* **Aim of the task**: Wherever the line that contains "Smiling young woman" falls, repeat it and the lines after it exactly until the records end, without any pictures.

[Records from a data collection]
-=-=-

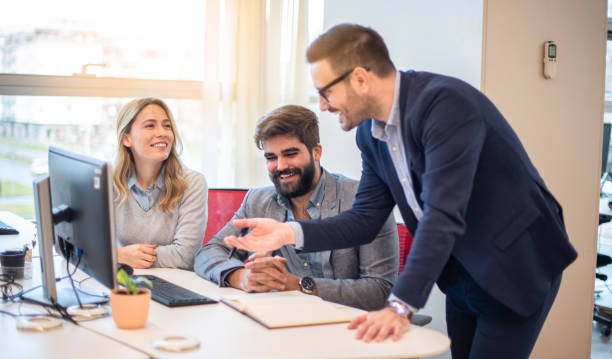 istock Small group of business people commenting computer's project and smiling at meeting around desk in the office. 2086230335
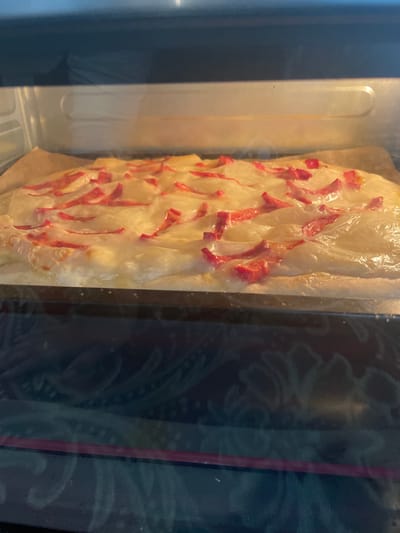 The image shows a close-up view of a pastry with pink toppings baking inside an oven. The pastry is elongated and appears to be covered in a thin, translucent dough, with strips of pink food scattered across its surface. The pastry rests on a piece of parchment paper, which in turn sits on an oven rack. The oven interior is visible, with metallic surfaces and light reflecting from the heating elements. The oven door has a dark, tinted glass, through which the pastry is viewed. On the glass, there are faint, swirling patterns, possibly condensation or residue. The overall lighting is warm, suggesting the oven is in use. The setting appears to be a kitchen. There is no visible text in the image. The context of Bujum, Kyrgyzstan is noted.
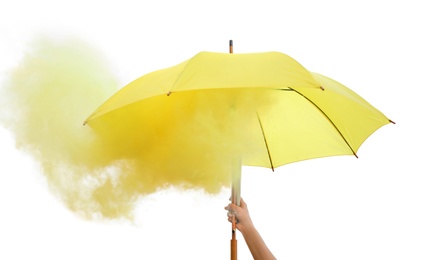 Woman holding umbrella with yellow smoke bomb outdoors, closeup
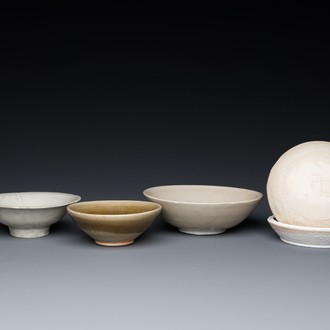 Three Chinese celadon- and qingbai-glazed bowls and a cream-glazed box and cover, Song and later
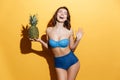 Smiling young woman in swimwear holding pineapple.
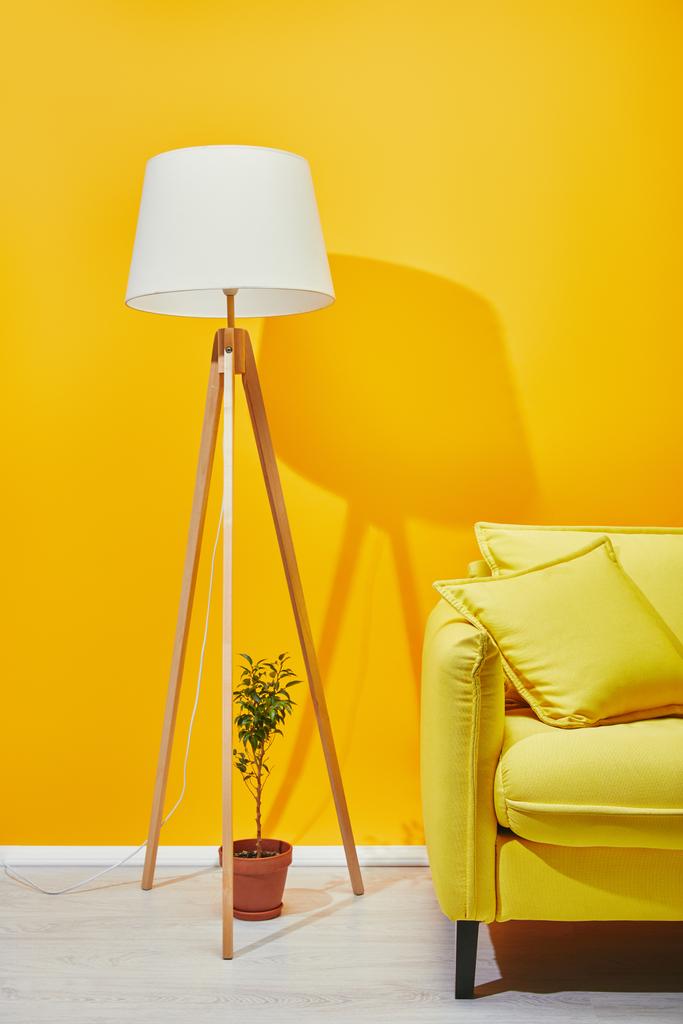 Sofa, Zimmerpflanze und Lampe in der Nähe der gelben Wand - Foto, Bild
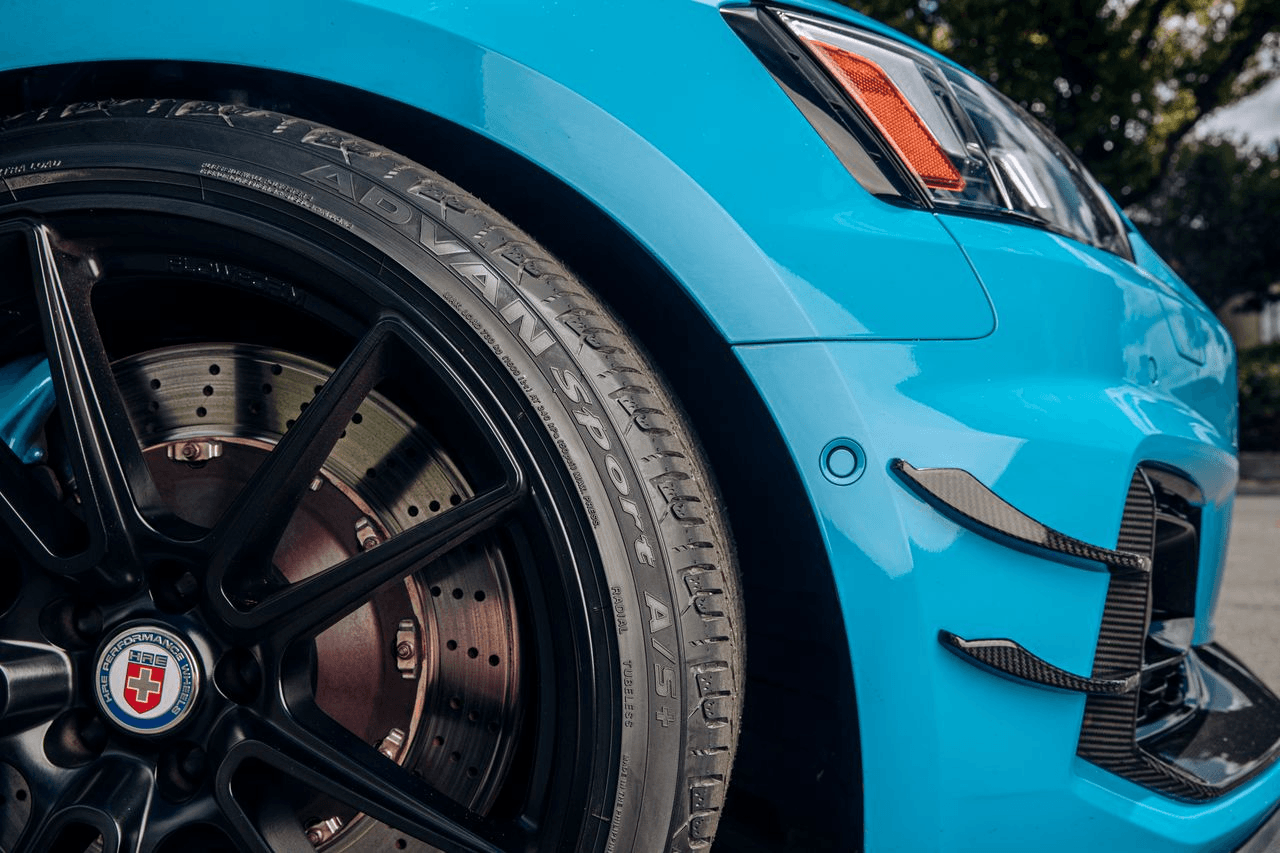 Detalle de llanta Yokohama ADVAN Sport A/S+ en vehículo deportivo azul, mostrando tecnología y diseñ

-=-=-

* **Exercise solution**:
 Smiling young woman in swimwear holding pineapple.
 Sofa, Zimmerpflanze und Lampe in der Nähe der gelben Wand - Foto, Bild
 Detalle de llanta Yokohama ADVAN Sport A/S+ en vehículo deportivo azul, mostrando tecnología y diseñ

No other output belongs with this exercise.